Background Two hospices provide separate support across the same county, for individuals and their loved ones affected by Motor Neurone Disease (MND). To achieve equal access to regular collaborative holistic assessments and support from the Multi-Disciplinary Team (MDT) (National Institute for Health and Care Excellence. Motor neurone disease: assessment and management. [NG42], 2016), a hospice based clinic where specialist MDT support could be accessed, alongside social and practical advice was identified.

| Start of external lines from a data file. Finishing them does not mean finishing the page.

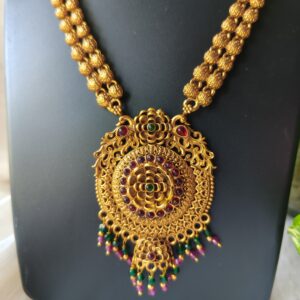 Grand Antique Kemp Pendant Necklace Set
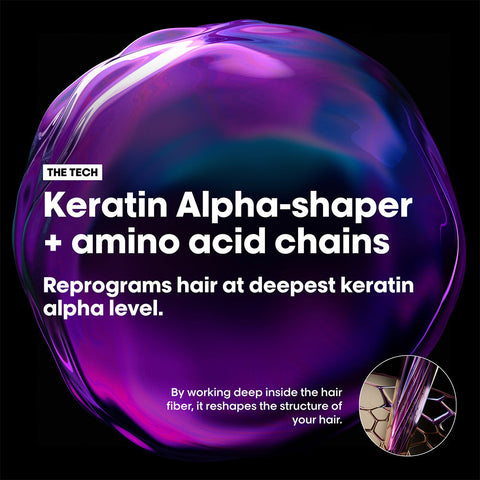 L'Oréal Professionnel Keratin Alpha Sleek Shampoo 300ml - 3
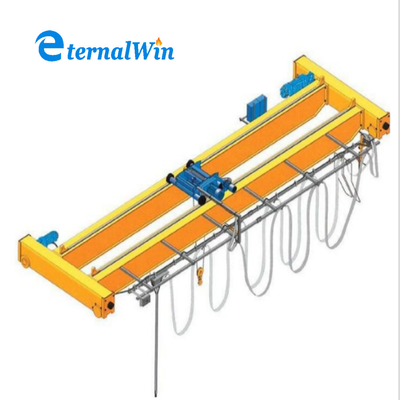 20T 50T Eropa Mobile Double Girder Crane Bepergian Overhead Crane Winch Trolley
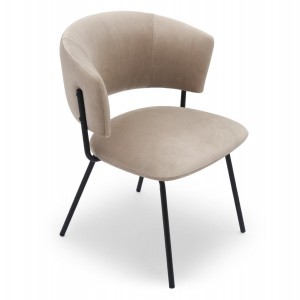 Moderner und stilvoller Sessel mit breiter Rückenlehne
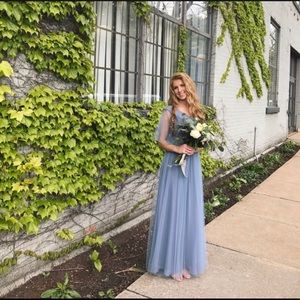 Blue bridesmaid dress
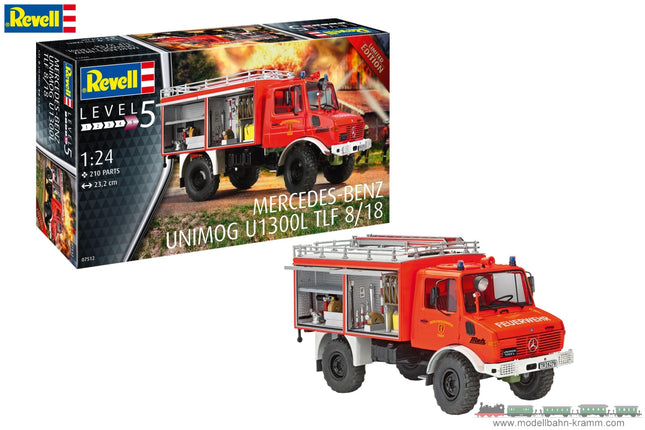 Mercedes-Benz Unimog U 1300 L Tlf 8/18 - 7512, 7512 van Revell te koop bij Speldorado !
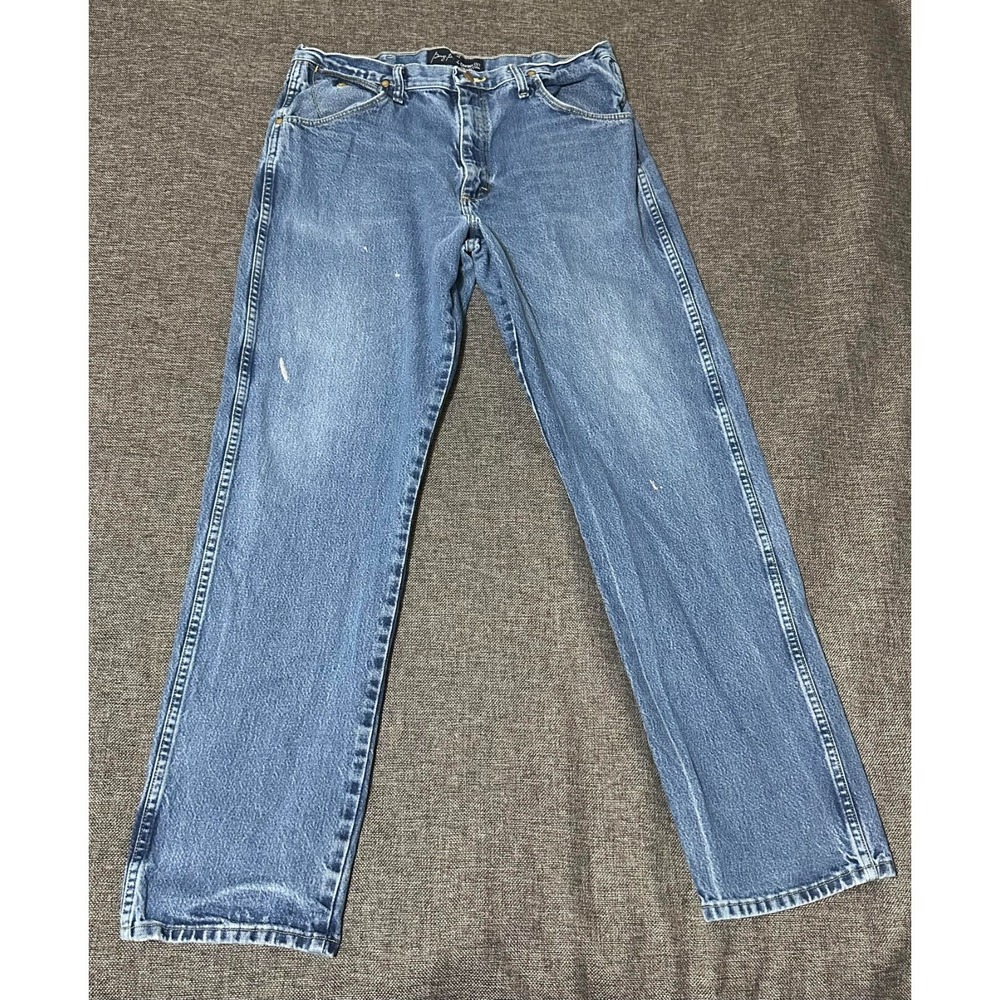 Wrangler Men's 36 X 34 George Straight Cowboy‎ Cut Relaxed Fit Jeans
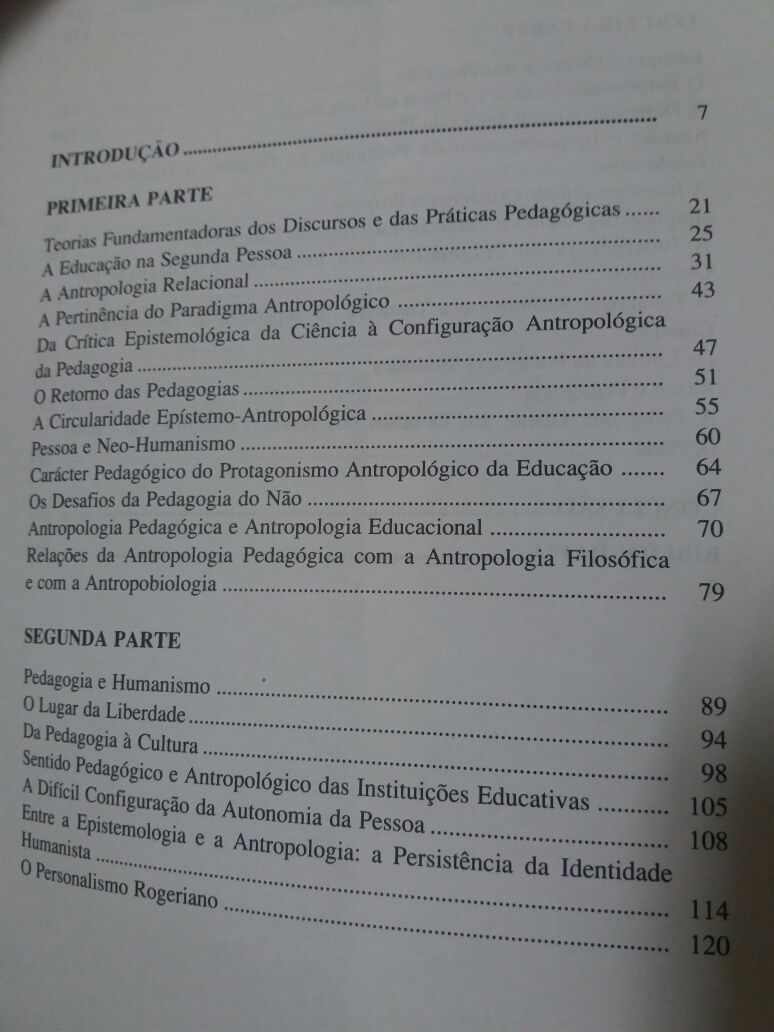 Livro: A Educação como Projecto Antropológico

Aims To provide an equitable approach across the county for people with MND and their loved ones to access support from specialist health professionals (Raynor, Alexander, Corr, et al. J Neurol Neurosurg Psychiatry.2003;74:1258–61) in addition to support from the Motor Neurone Disease Association (MNDA) optimising the quality of life for all (Flemming, Turner, Bolsher, et al. Palliat Med. 2020; 34(6):708–730). It would also enable regular reviews with close collaboration between the MDT services involved (O’Brien, Whitehead, Jack, et al. Bri J Neuroscience Nurs. 2013;7(4)).

Methods A one-hour appointment would be available with the MND Clinical Nurse Specialist, and respective hospice Occupational Therapist and Physiotherapist with a holistic review (Oliver. Palliat Care Res Treat. 2019; 1–14) and assessment being undertaken. The MNDA were invited to support the clinic to optimise the support available for the individual and their family. After each appointment an outcome letter incorporating the action plan for respective professionals would be sent, ensuring a collaborative care approach.

Results The clinic has enabled core MDT members to see and review individuals collaboratively supporting a cohesive approach to patient care and support, with 13 clinics and 52 appointments being available. Also, it has provided the opportunity to indirectly introduce the hospice setting and its services, maximising the support opportunities available for individuals and their loved ones at an early stage.

Conclusion The monthly clinic is a well-established integral part of the care and support in the county for people living with MND, ensuring they have equitable access to regular, collaborative MDT reviews and support. Further development of the clinic is being explored including the hosting of the area MNDA support group and stand-alone support for those caring for a loved one with MND.